_EXERCISE_. Word for word and without images, transcribe all of the records.

[Brief descriptive captions]

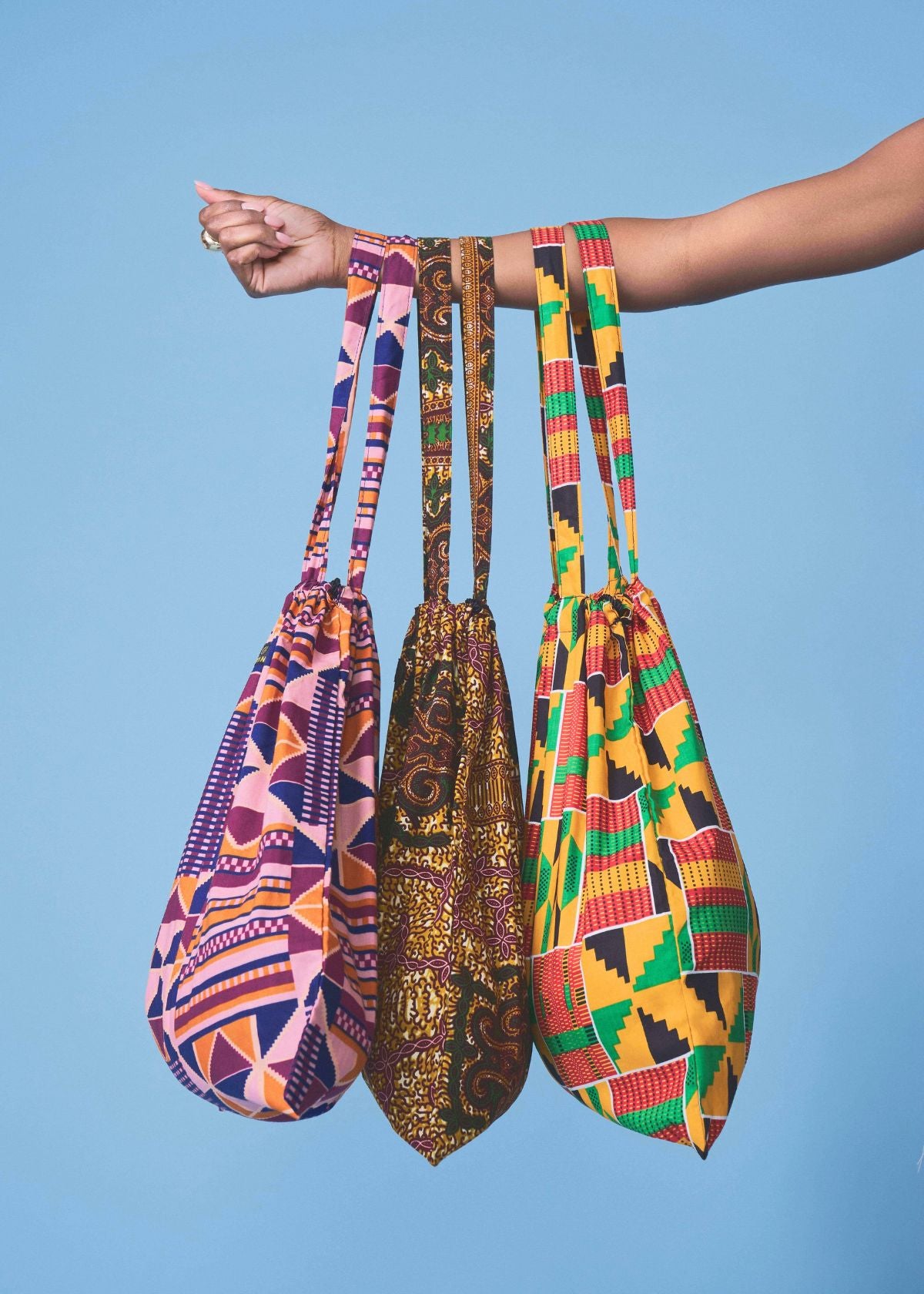 Ebuni Women's African Print Tote Bag (Red Green Yellow Kente) - D'IYANU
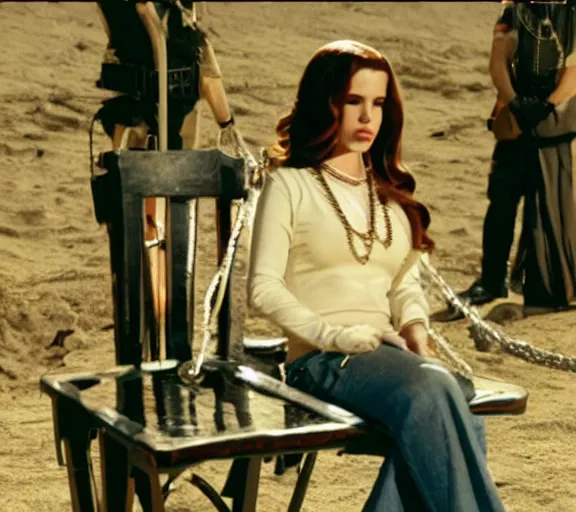 Image similar to a movie still of lana del rey as a handcuffed prisoner with a chain around her neck bonded to a chair in the movie star wars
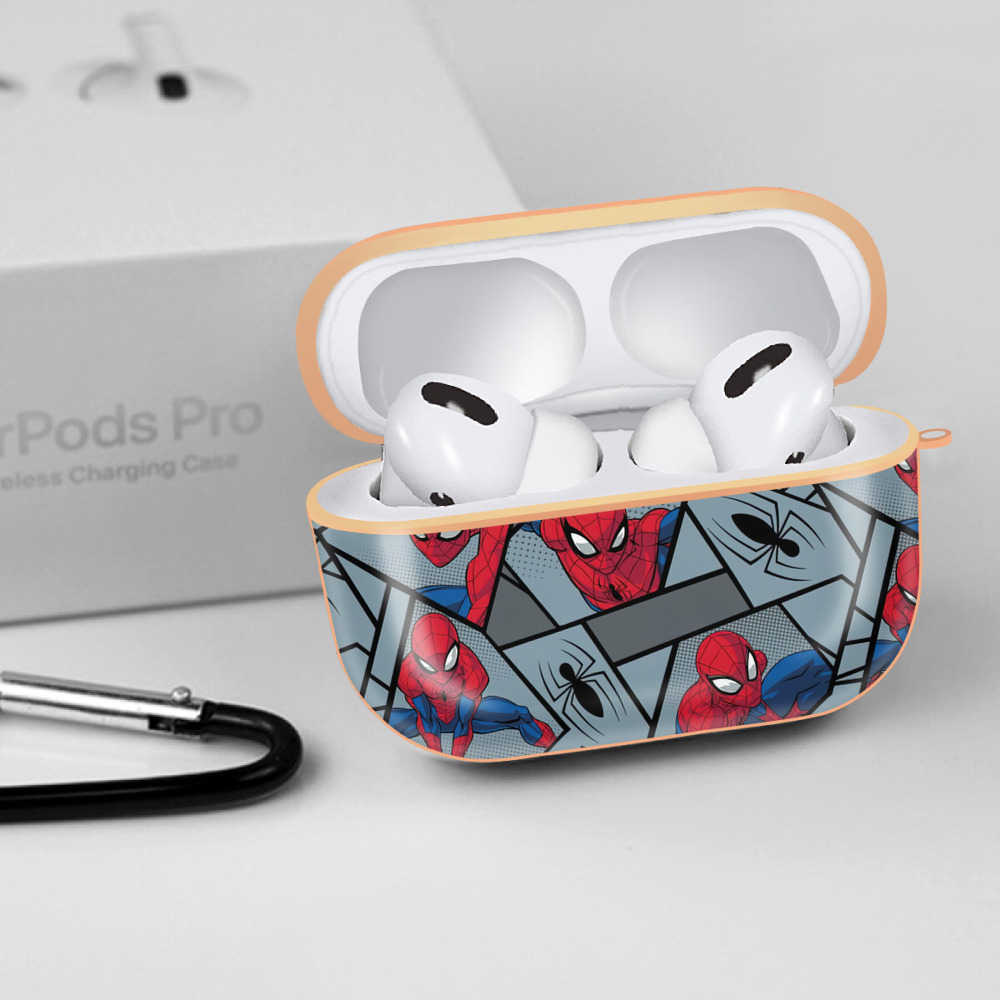 Spider Man スパイダーマン 【AirPods Pro用】ハードシェル保護ケース｜耐衝撃・防指紋・カラビナ付き商品仕様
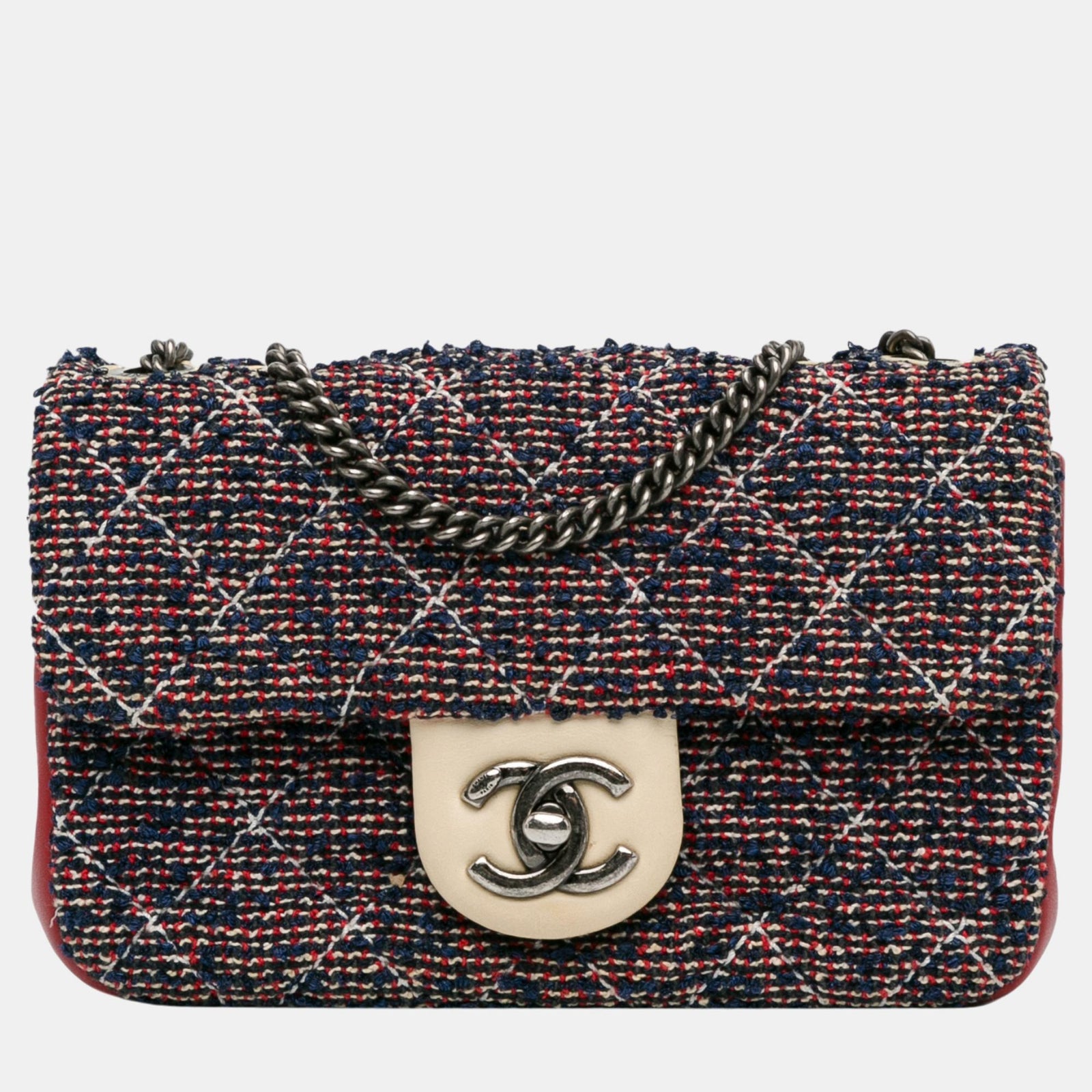 Chanel Mehrfarbiger CC-Stepp-Tweed mit Einzelklappe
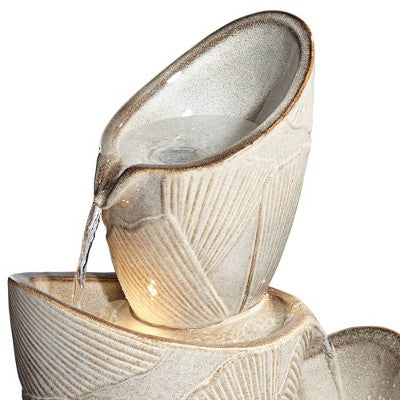  John Timberland Three Urn With Leaves Rustic Cascading Outdoor Floor Water Fountain With LED Light 30" For Yard Garden Patio Home Deck Porch Exterior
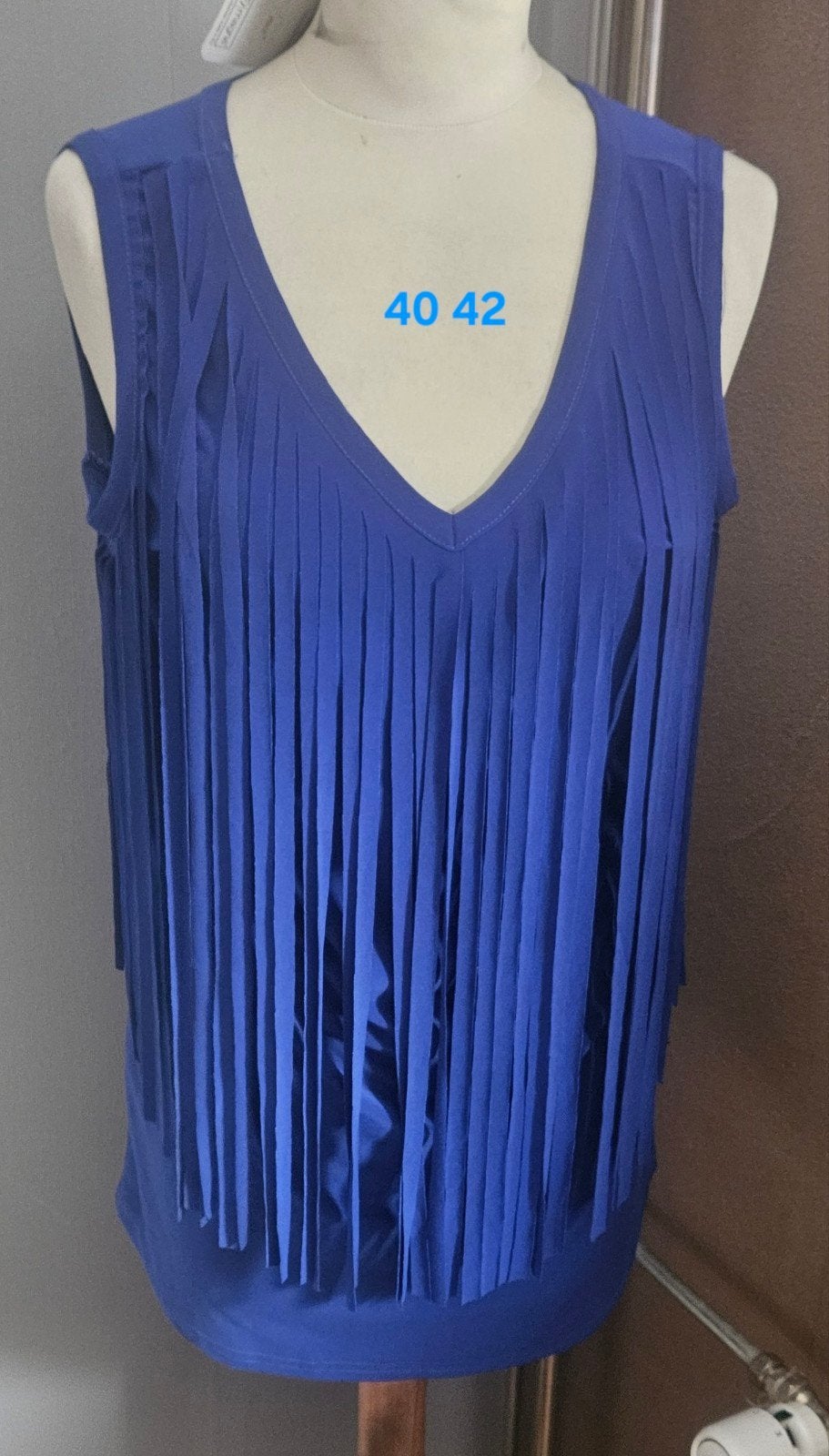 Blauwe franje top - Maat 40/42, Blauw, Maat 42/44 (L), Ophalen of Verzenden, Zonder mouw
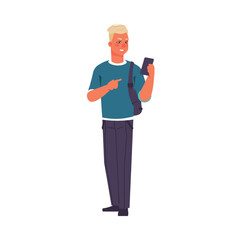 Poster - Man hold smartphone. People using phone collection. Internet communication. Web messenger. Young modern character. Network conversation. Online discussion. Vector boy chatting illustration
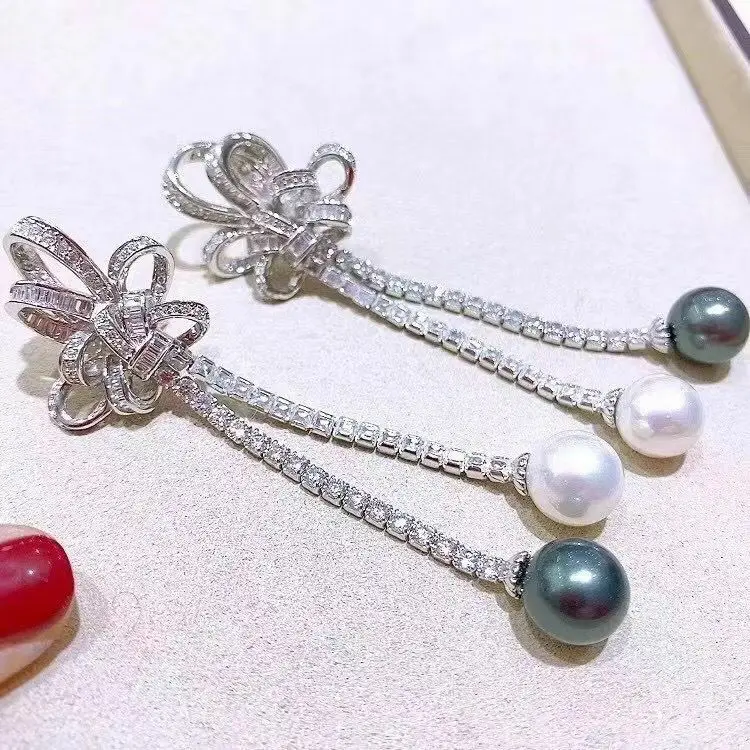 

new design south sea white black pearl dangle earring 925s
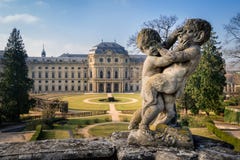 Beeldhouwwerkdecoratie, de Woonplaats van Wurzburg, Duitsland Stock Fotografie Beeldhouwwerkdecoratie, de Woonplaats van Wurzburg, Duitsland Stock Fotografie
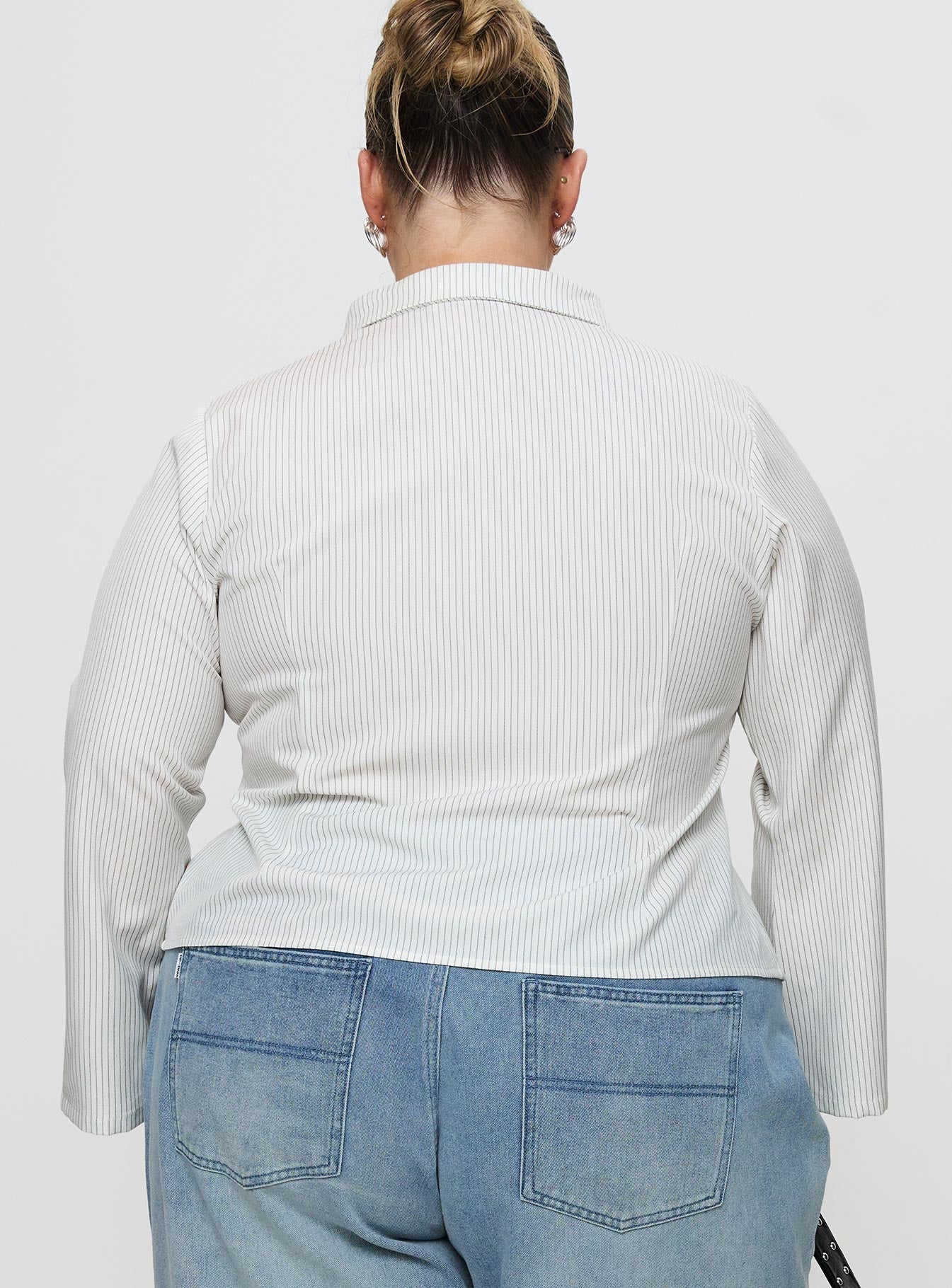 Anni Stripe Shirt Pinstripe White Curve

_SOLVED PROBLEM_.
 Ebuni Women's African Print Tote Bag (Red Green Yellow Kente) - D'IYANU
 Image similar to a movie still of lana del rey as a handcuffed prisoner with a chain around her neck bonded to a chair in the movie star wars
 Spider Man スパイダーマン 【AirPods Pro用】ハードシェル保護ケース｜耐衝撃・防指紋・カラビナ付き商品仕様
 Chanel Mehrfarbiger CC-Stepp-Tweed mit Einzelklappe
  John Timberland Three Urn With Leaves Rustic Cascading Outdoor Floor Water Fountain With LED Light 30" For Yard Garden Patio Home Deck Porch Exterior
 Blauwe franje top - Maat 40/42, Blauw, Maat 42/44 (L), Ophalen of Verzenden, Zonder mouw
 Poster - Man hold smartphone. People using phone collection. Internet communication. Web messenger. Young modern character. Network conversation. Online discussion. Vector boy chatting illustration

new design south sea white black pearl dangle earring 925s
 Beeldhouwwerkdecoratie, de Woonplaats van Wurzburg, Duitsland Stock Fotografie Beeldhouwwerkdecoratie, de Woonplaats van Wurzburg, Duitsland Stock Fotografie
 Anni Stripe Shirt Pinstripe White Curve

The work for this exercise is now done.